→ What the exercise asks
Scan the records below for the line with "社區(qū)服務(wù)站燈箱圖片" and the line with "第135话 邪祟化形-第139话", and retype that range exactly, both ends included, pictures excepted.

→ Exercise materials
Start of Block

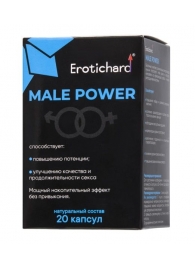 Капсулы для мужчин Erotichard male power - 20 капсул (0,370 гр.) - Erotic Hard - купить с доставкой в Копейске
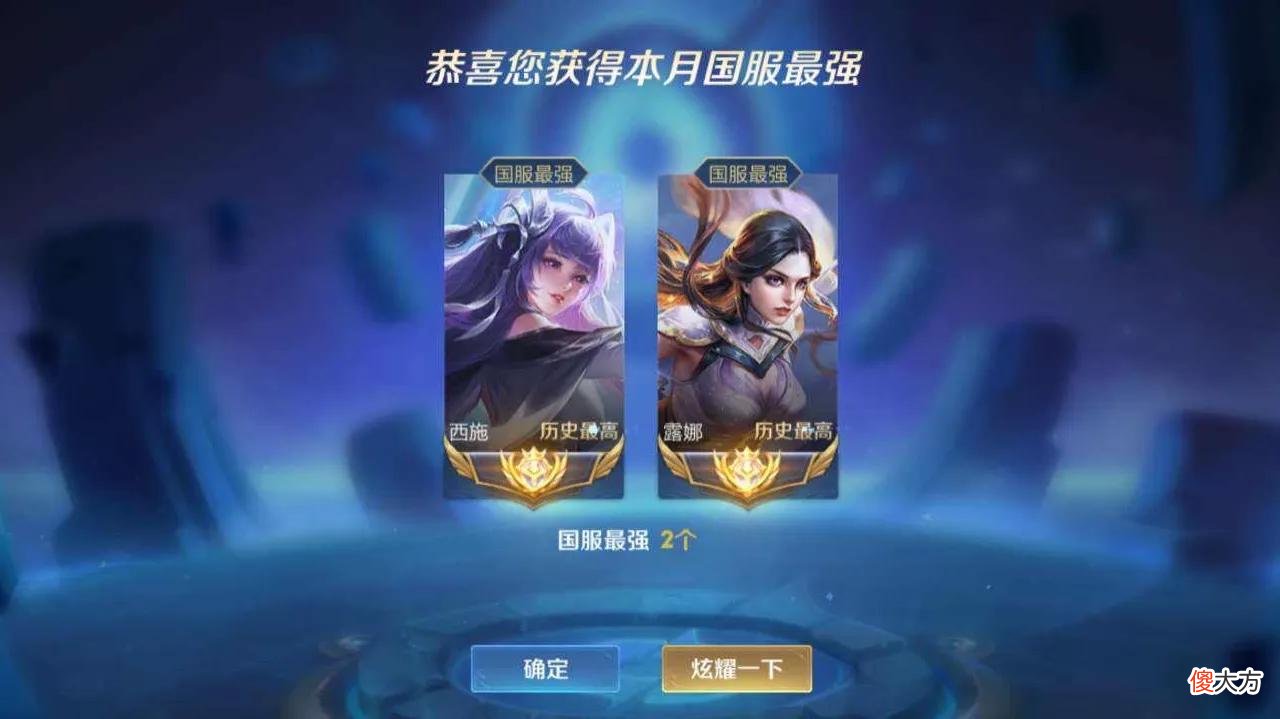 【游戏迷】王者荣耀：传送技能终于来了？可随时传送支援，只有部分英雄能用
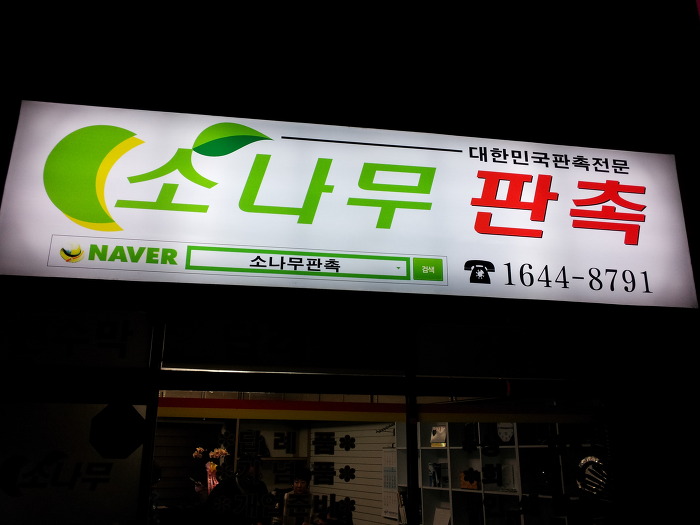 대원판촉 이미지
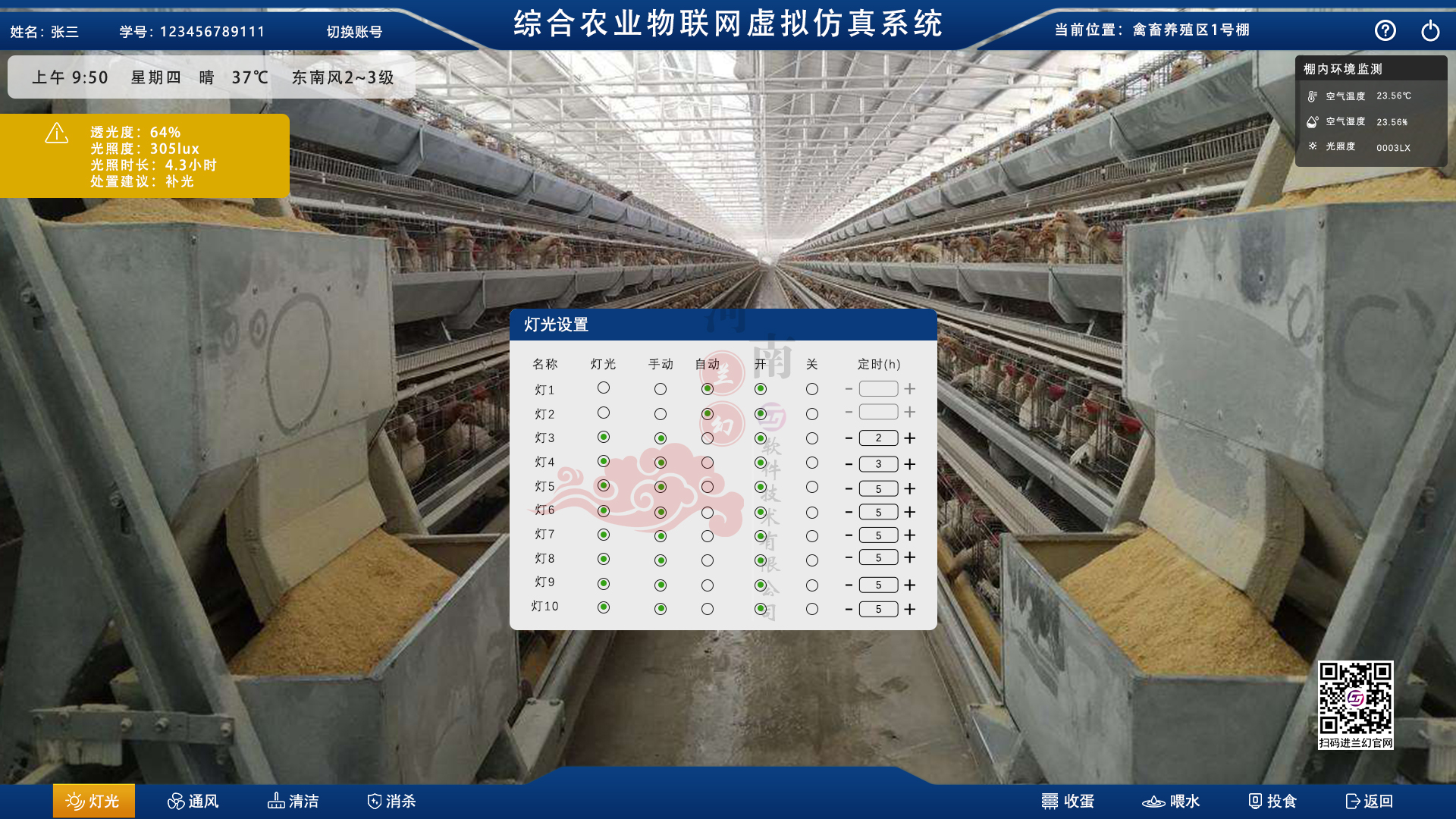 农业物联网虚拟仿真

End of Block
Start of Block

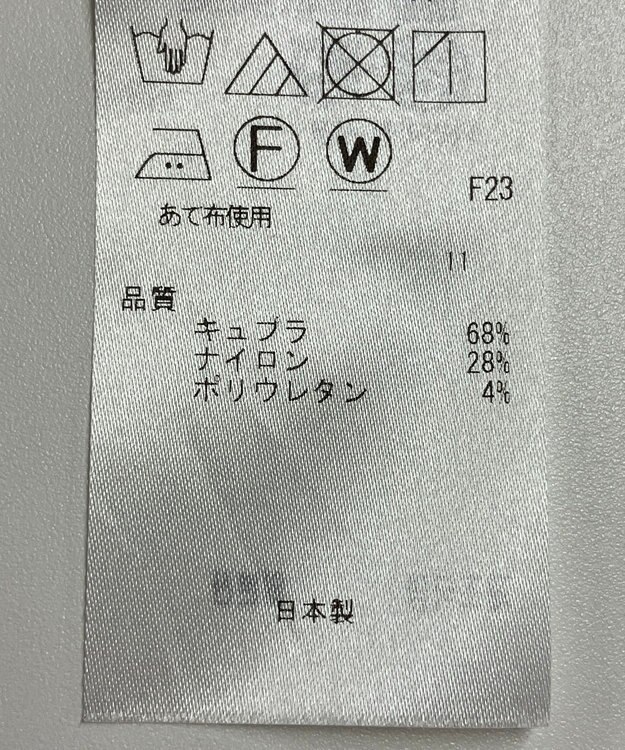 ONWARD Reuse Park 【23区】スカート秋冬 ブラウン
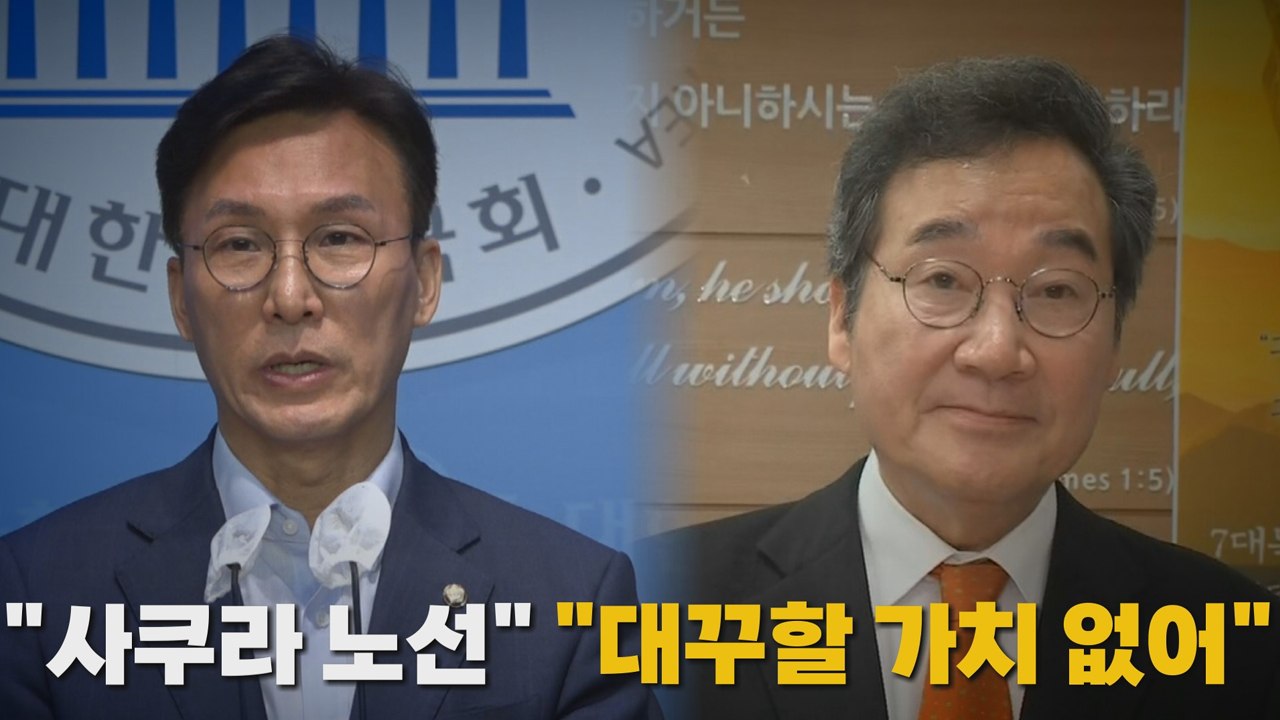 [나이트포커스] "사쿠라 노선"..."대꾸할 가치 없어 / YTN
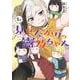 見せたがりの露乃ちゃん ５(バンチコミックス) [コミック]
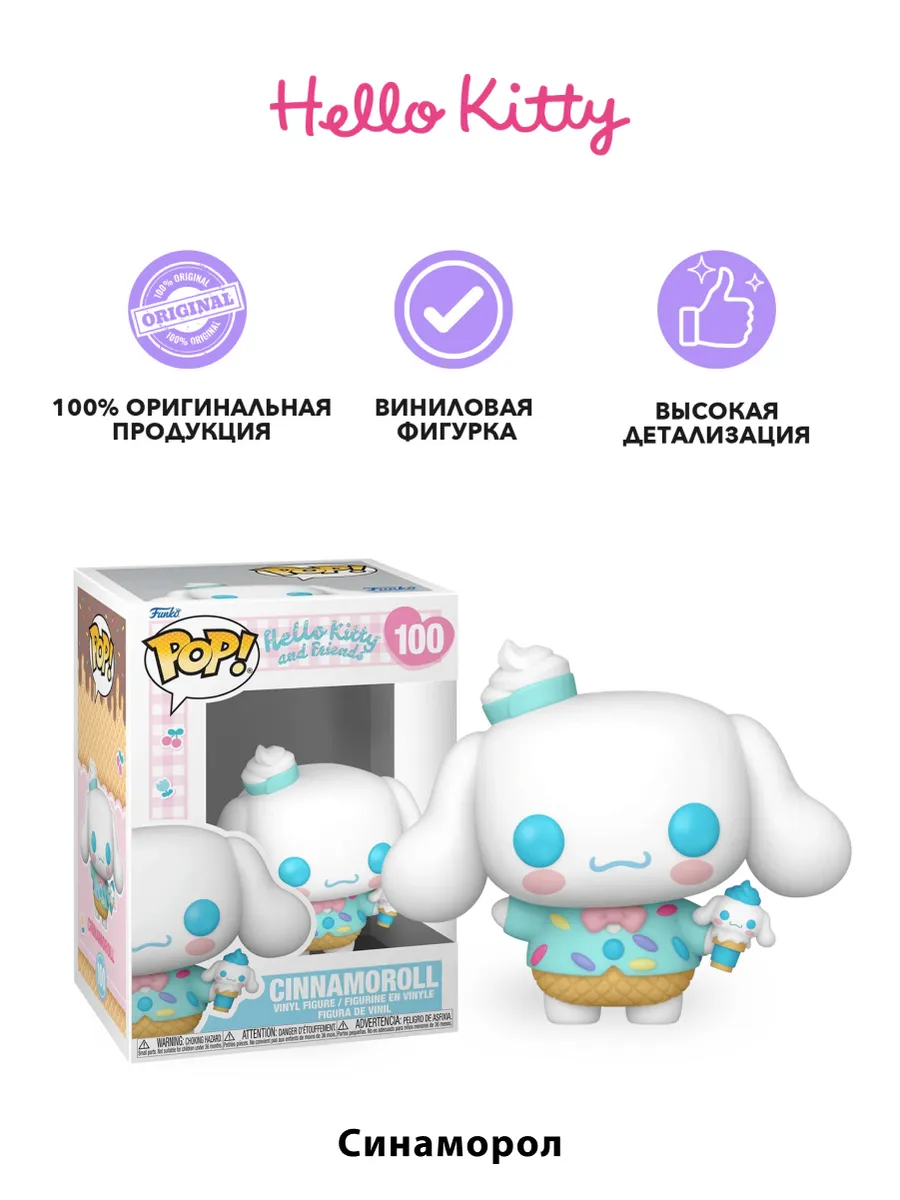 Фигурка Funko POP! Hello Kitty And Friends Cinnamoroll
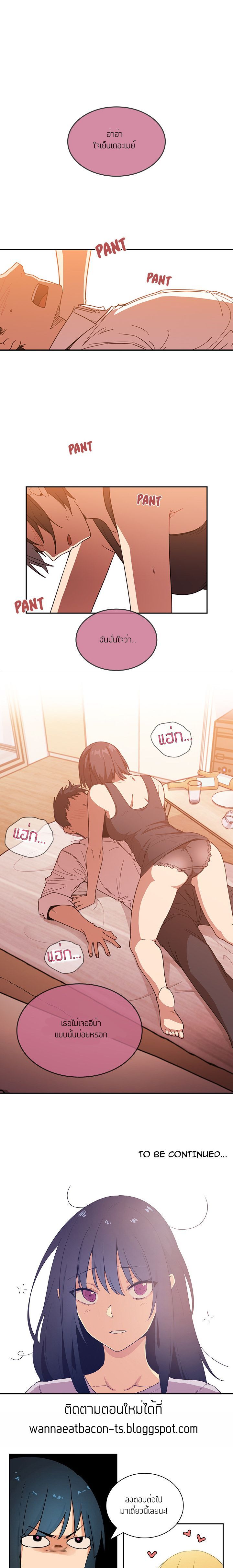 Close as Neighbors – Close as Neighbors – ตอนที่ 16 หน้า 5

End of Block
Start of Block

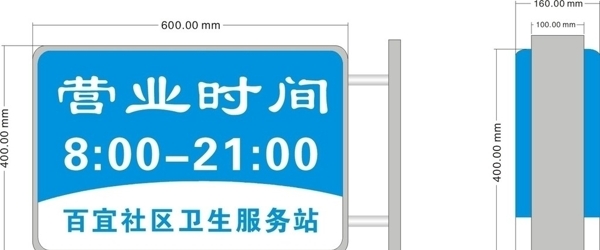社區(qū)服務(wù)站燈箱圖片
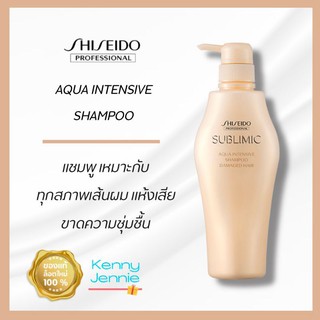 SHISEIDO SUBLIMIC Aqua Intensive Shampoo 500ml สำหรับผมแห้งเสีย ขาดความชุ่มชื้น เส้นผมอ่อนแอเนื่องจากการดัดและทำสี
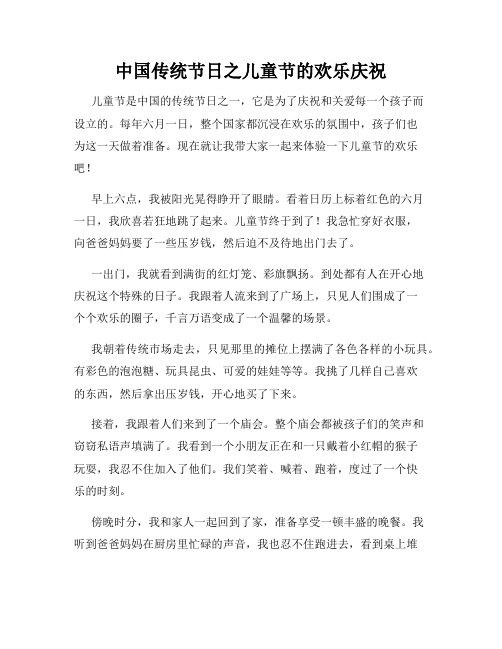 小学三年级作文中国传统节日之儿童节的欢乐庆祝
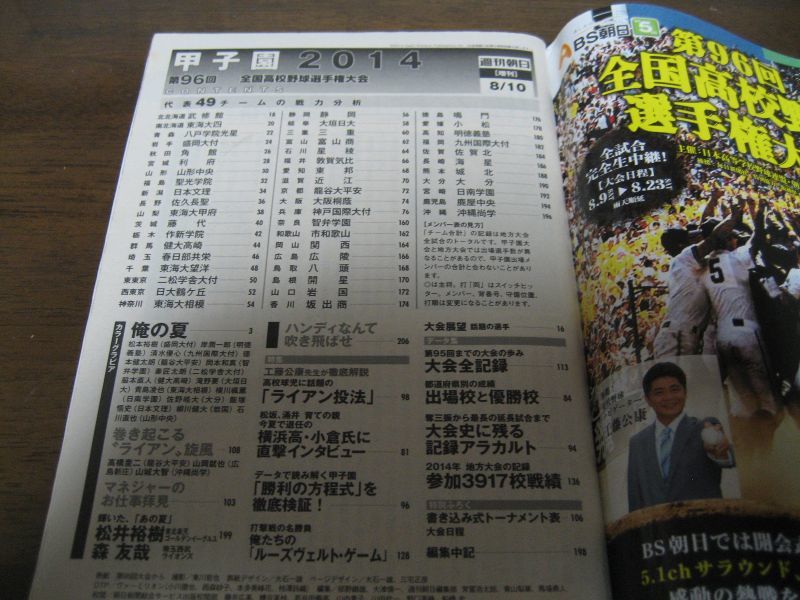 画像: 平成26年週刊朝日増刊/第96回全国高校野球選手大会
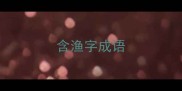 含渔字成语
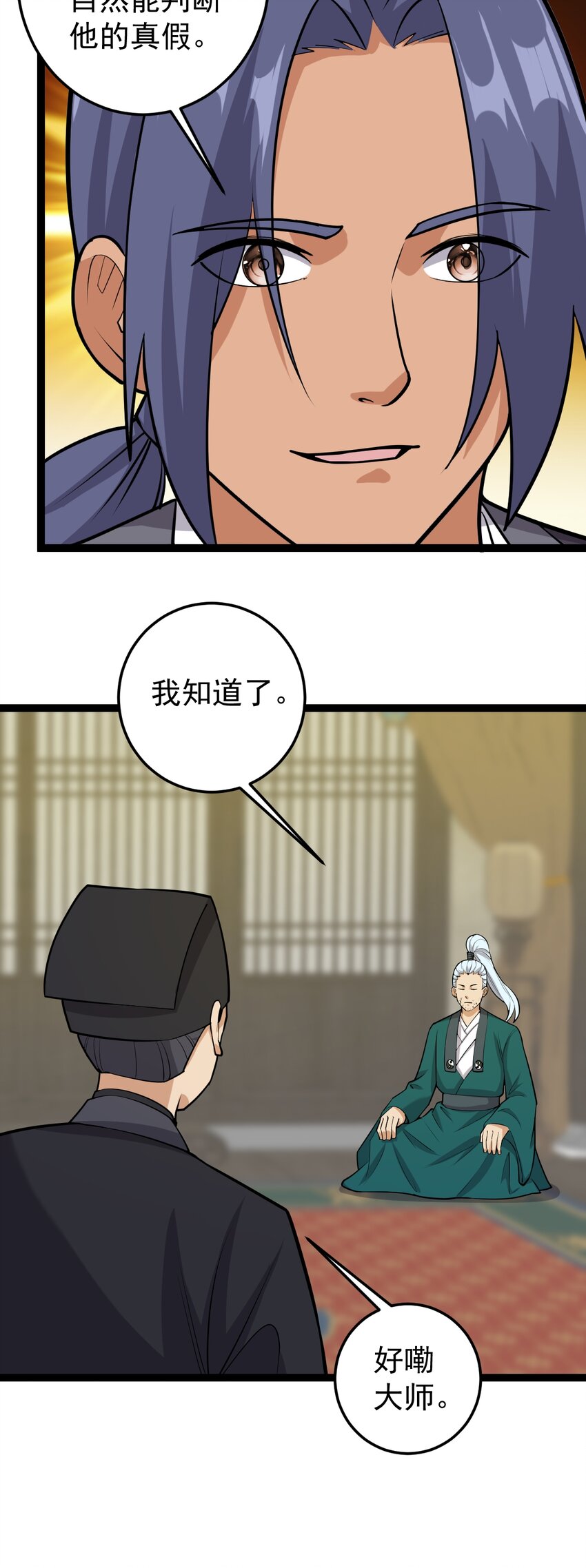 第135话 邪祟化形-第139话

End of Block

→ Your response
社區(qū)服務(wù)站燈箱圖片
 SHISEIDO SUBLIMIC Aqua Intensive Shampoo 500ml สำหรับผมแห้งเสีย ขาดความชุ่มชื้น เส้นผมอ่อนแอเนื่องจากการดัดและทำสี
 小学三年级作文中国传统节日之儿童节的欢乐庆祝
 画像: 平成26年週刊朝日増刊/第96回全国高校野球選手大会
 含渔字成语
 第135话 邪祟化形-第139话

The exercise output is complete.